Também no Ac. da RC. de 7.9.2010 (Virgílio Mateus), em www.dgsi.pt, se sumariou que: “1. - Em virtude do direito fundamental dos cidadãos de acesso aos tribunais para defesa dos seus direitos e interesses legalmente protegidos, e em virtude de a todo o direito corresponder a ação adequada a fazê-lo reconhecer em juízo, sem que haja lei a determinar o contrário, segue-se que a competência material do tribunal judicial para reconhecimento do direito de propriedade com base na usucapião não é afastada pela circunstância de os AA. terem podido utilizar em alternativa um dos meios processuais previstos no Título VI do Código do Registo Predial (artigos 116º e segs.) para efeitos de registo. 2. É da competência material dos Tribunais, e não da Conservatória do Registo Predial, uma ação em que se pede o reconhecimento do direito de propriedade, adquirido por usucapião, e cumulativamente o pedido de reconhecimento de que o prédio comprado é diverso daquele em relação ao qual obtiveram a inscrição de aquisição”.

Os tribunais judiciais são tribunais comuns em matéria civil e criminal e exercem jurisdição em todas as áreas não atribuídas a outras ordens judiciais, conforme dispõe o art. 211º, nº 1 da Constituição.

A competência do tribunal em razão da matéria afere-se pela natureza da relação jurídica tal como ela é apresentada pelo A. na petição inicial, ou seja, analisando o que foi alegado como causa de pedir e, também, o pedido formulado, não estando o tribunal vinculado às qualificações jurídicas do autor, como resulta do art. 5º, nº 3 do CPC [Neste sentido cfr., entre outros, o Ac. do STJ de 14.05.2009, P. 09S0232 (Sousa Peixoto), in www.dgsi.pt].

Referia o Prof.
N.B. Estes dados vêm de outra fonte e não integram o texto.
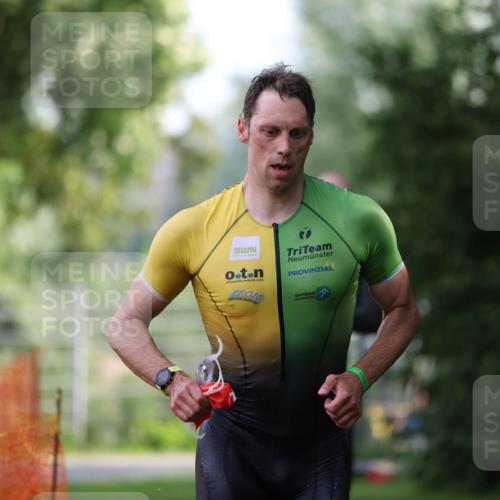 15.06.2025 - 7 Türme Triathlon Michael Strokosch http://msf.ph/oto/7929109 15.06.2025 09:27:26 Schwimmen 51, 52 meine-sportfotos.de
Manuel de Andrade, em Noções Elementares de Processo Civil, 1979, pág. 91 que “a competência do tribunal – ensina Redenti – “afere-se pelo quid disputatum (quid decidendum, em antítese com aquilo que será mais tarde o quid decisum)”; é o que tradicionalmente se costuma exprimir dizendo que a competência se determina pelo pedido do Autor. E o que está certo para os elementos objetivos da ação está certo ainda para a pessoa dos litigantes. A competência do tribunal não depende, pois, da legitimidade das partes nem da procedência da ação. É ponto a resolver de acordo com a identidade das partes e com os termos da pretensão do Autor (compreendidos aí os respetivos fundamentos), não importando averiguar quais deviam ser as partes e os termos dessa pretensão” [...].

Ora, ponderando o que supra se deixou escrito, os pedidos formulados pelos Requerentes, nomeadamente, o expresso em último lugar [...], tendo em conta a factualidade alegada, afigura-se-nos estarmos perante uma situação em que àqueles será lícito recorrer aos tribunais judiciais para definir o seu alegado direito, com força de caso julgado.

Em conclusão, procede a apelação, devendo revogar-se a decisão recorrida, declarando-se competente o juízo central cível para conhecer a presente ação, que deverá prosseguir os seus termos".


*3. [Comentário] A situação analisada no acórdão respeita ao direito de acção dos demandantes. No direito português, pode ser vista pela perspectiva do disposto no art. 535.º, n.º 1, CPC: se o réu não contestar, a custas ficam a cargo do autor vencedor. Noutros ambientes legislativos, a questão seria apreciada pela óptica do interesse processual.

Menos feliz é misturar a questão com a da competência do tribunal.